=== Task to complete ===
Every record below should be transcribed exactly. Omit the images.

=== Source information ===
────────────────────

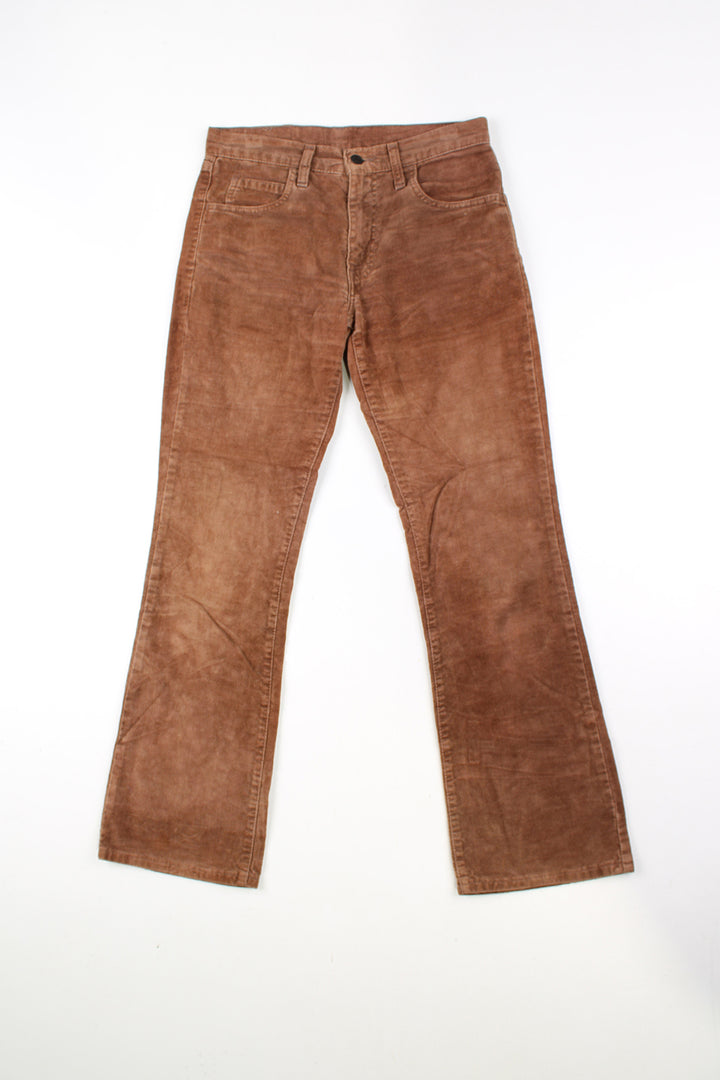 Vintage brown Levi Strauss 525 velvet trousers with white tab on back pocket. Slightly boot cut legs.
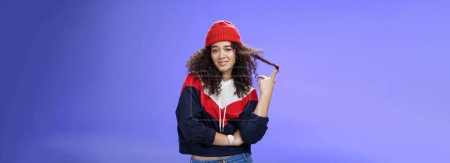 Photo for Stylish and snobbish arrogant curly-haired woman in warm beanie rolling curl on finger smirking and looking with contempt at camera, scorning person as being too cool over blue background. - Royalty Free Image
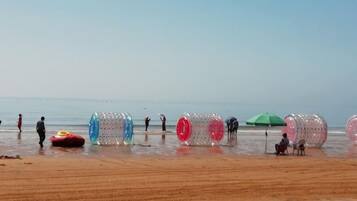 A beach with people, colorful inflatable tubes, and a green umbrella.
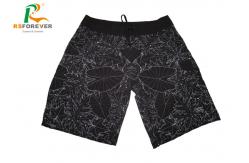 China Sublimated Black Beach Men Board Shorts With Side Pocket  Leaf Pattern supplier
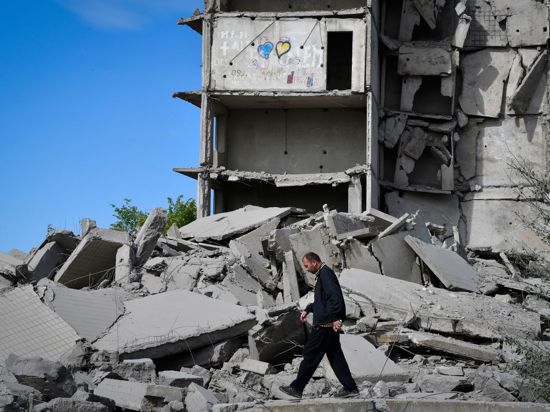 Ein Anwohner geht an einem durch russischen Beschuss zerstörten Haus vorbei.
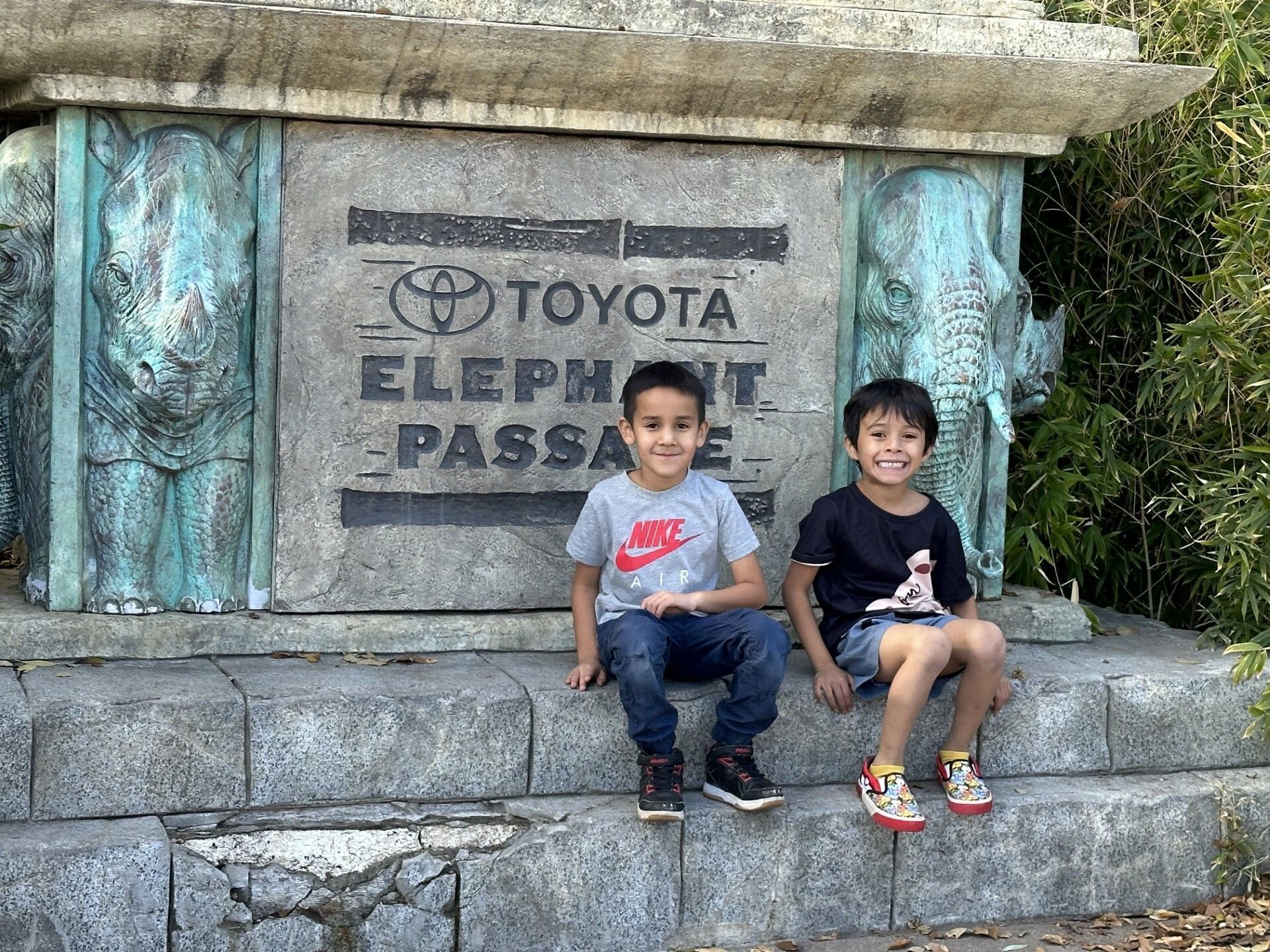 Two young boys smile while sitting in front of the Elephant Passage exhibit at the zoo, representing the joy and learning made possible through field trip experiences.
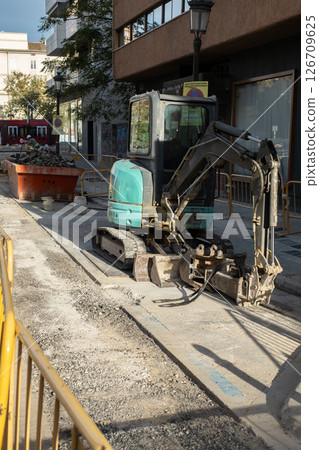 Repair of the sidewalk on the street of the city 126709625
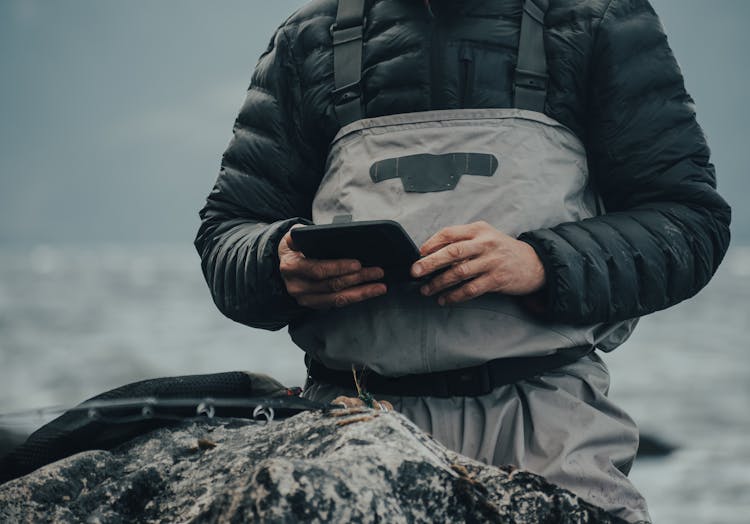 A Person In Black Jacket Holding Black Object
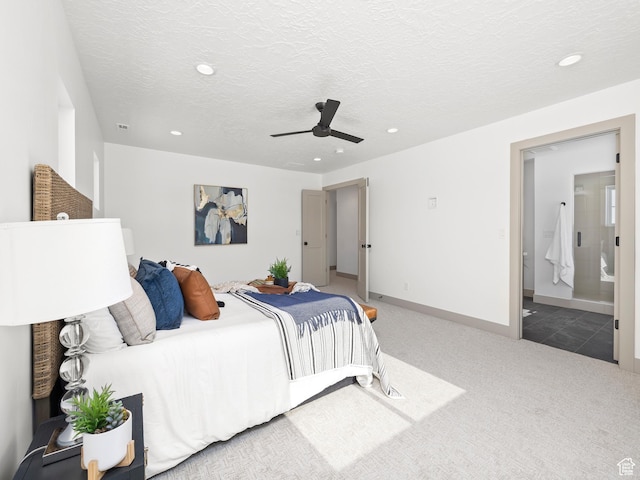 carpeted bedroom with baseboards, recessed lighting, ensuite bathroom, a textured ceiling, and a ceiling fan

────────────────────

=== Response box ===
 Vintage brown Levi Strauss 525 velvet trousers with white tab on back pocket. Slightly boot cut legs.
 Photo for Stylish and snobbish arrogant curly-haired woman in warm beanie rolling curl on finger smirking and looking with contempt at camera, scorning person as being too cool over blue background. - Royalty Free Image
 A beach with people, colorful inflatable tubes, and a green umbrella.
 China Sublimated Black Beach Men Board Shorts With Side Pocket  Leaf Pattern supplier
 Ein Anwohner geht an einem durch russischen Beschuss zerstörten Haus vorbei.
 Two young boys smile while sitting in front of the Elephant Passage exhibit at the zoo, representing the joy and learning made possible through field trip experiences.
 Repair of the sidewalk on the street of the city 126709625
 A Person In Black Jacket Holding Black Object
 carpeted bedroom with baseboards, recessed lighting, ensuite bathroom, a textured ceiling, and a ceiling fan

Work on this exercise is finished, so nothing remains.